Alan shuffled papers and drew out three pages. "The reapers currently in hospice, with their former Branches. The two waiting lists."
Will looked down the pages. "Bristol. Of course. D'Acres is in no position to help while the Auditors are there. Manchester, Liverpool, York, Hull, Leeds, yes, yes, all the major population centers. And many minor ones.

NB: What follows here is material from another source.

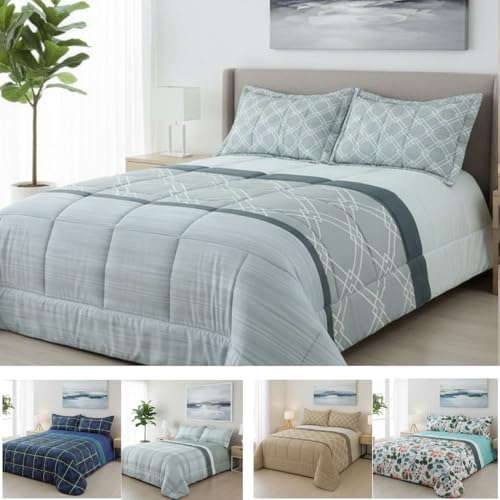 DONATELLA EDREDON Estampado Reversible Milan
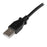 StarTech USB 2.0 A to Left Angle B Cable - M/M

"Humphries, is the warehouse large enough to hold all homeless Reapers if beds can be provided? Good. There are several ways to obtain relief from a Branch for a war casualty, especially one they believe lost. We can use shame as a last resort. Far better to give them an opportunity to act honorably before Madame orders them to do it. Especially if they know the costs will be assumed by the Realm in the near future. The foreign reapers will benefit from the general improvements. In a month or so a public announcement that we are accepting Thorns patients, coming from Madame or from a step above her, should bring in those still in hiding. A good use of peacetime budget funds which otherwise might go unused. You will see that we reclaim those funds in the next Budget, Humphries.
"You will go to Senior DePoy at once. Tell her that a London Reaper was injured in the course of duty. Tell her that he was removed from the Rolls, that his glasses were disconnected from the Monitoring network, and that he was abandoned as one dead. Tell her that this was accomplished in a way that left our own Personnel officers unaware of his plight. Warn her that this may be a custom and procedure of very long standing. Even if so, this is to end immediately within the London Branch."
"Thanks, Will—"
"And tell her I issued this decree when you contracted the Thorns, Humphries, when they tried to take you away, and I want to know who overrode it!"
"Yes, sir. Request for someone's head on a plate acknowleged, sir. Eric has already begun some research into that. He'll see you today. He's going to bring Avram into it. This may evolve into a project that is perfect for Avram and Terry, and educational for Ronnie. Please think about encouraging it. I'll find you the money somewhere."
…Ma'am, we're looking for Seniors Charles Fancher and his partner Jonas Burns, both of London. They were sent from triage station number 12. Where are they? Well, can we talk to Fancher? Oh. That bad... I really need to ask him about his partner... The triage station insists they sent them on to you...Damn. You lost someone in a single step though a portal? Owen, go back to station 12 and check the beds...
What? No, sir, I will not leave. We are London. We do not abandon our missing. If I have to check every bed in every tent and every building, I will find the man you've lost...Sure I know who you are. You're the fellow who is going to stand aside while I search...
Owen, did you find him? No? They've doped Charley, he won't wake up for hours. They say there is no record of Jonas arriving at the Academy. I'm going to start a systematic bed check, until they tell an Angel to eject me. You go right now, roust out Personnel and tell 'em I've just been ordered to stop looking for a missing man.